EXERCISE DATA
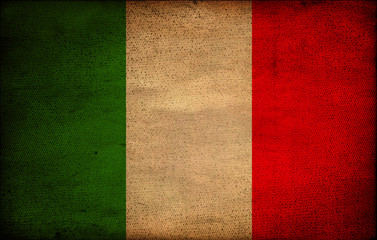 Italian flag on vintage paper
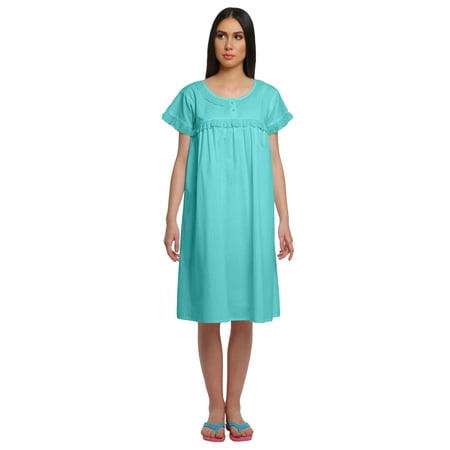 

Moomaya Cotton Lace Neckline Sleepwear For Ladies Round Neck Womens Nightdress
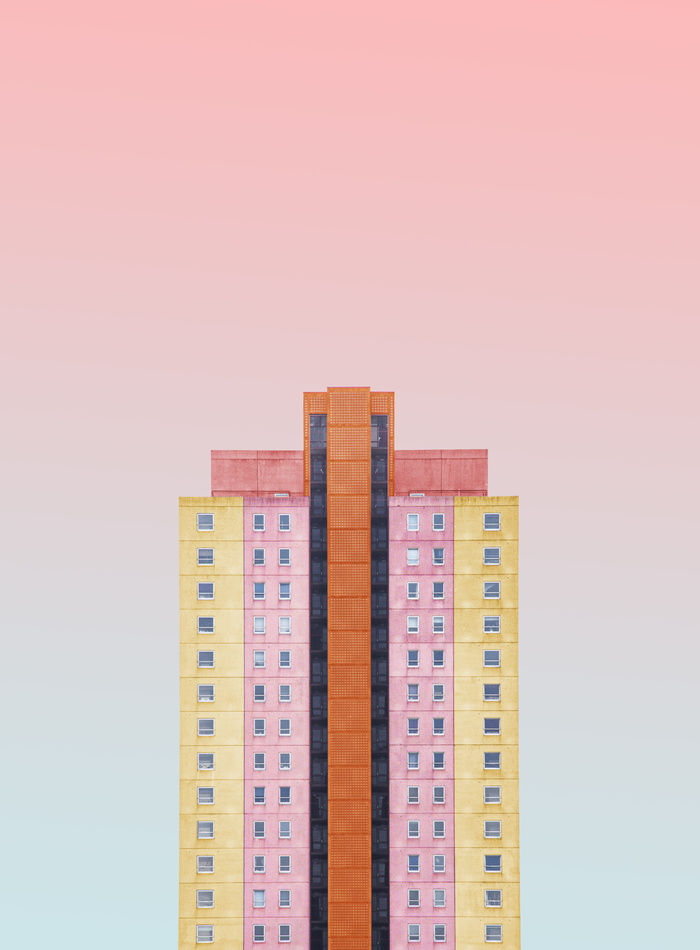 彩色建筑剪贴画，建筑，天空，户外，粉色，建筑，现代设计，抽象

DIRECTIONS
In the listing, find the line with "Moomaya Cotton Lace" and retype exactly from there through the last line, both included, leaving the pictures out.

WRITTEN RESPONSE
Moomaya Cotton Lace Neckline Sleepwear For Ladies Round Neck Womens Nightdress
 彩色建筑剪贴画，建筑，天空，户外，粉色，建筑，现代设计，抽象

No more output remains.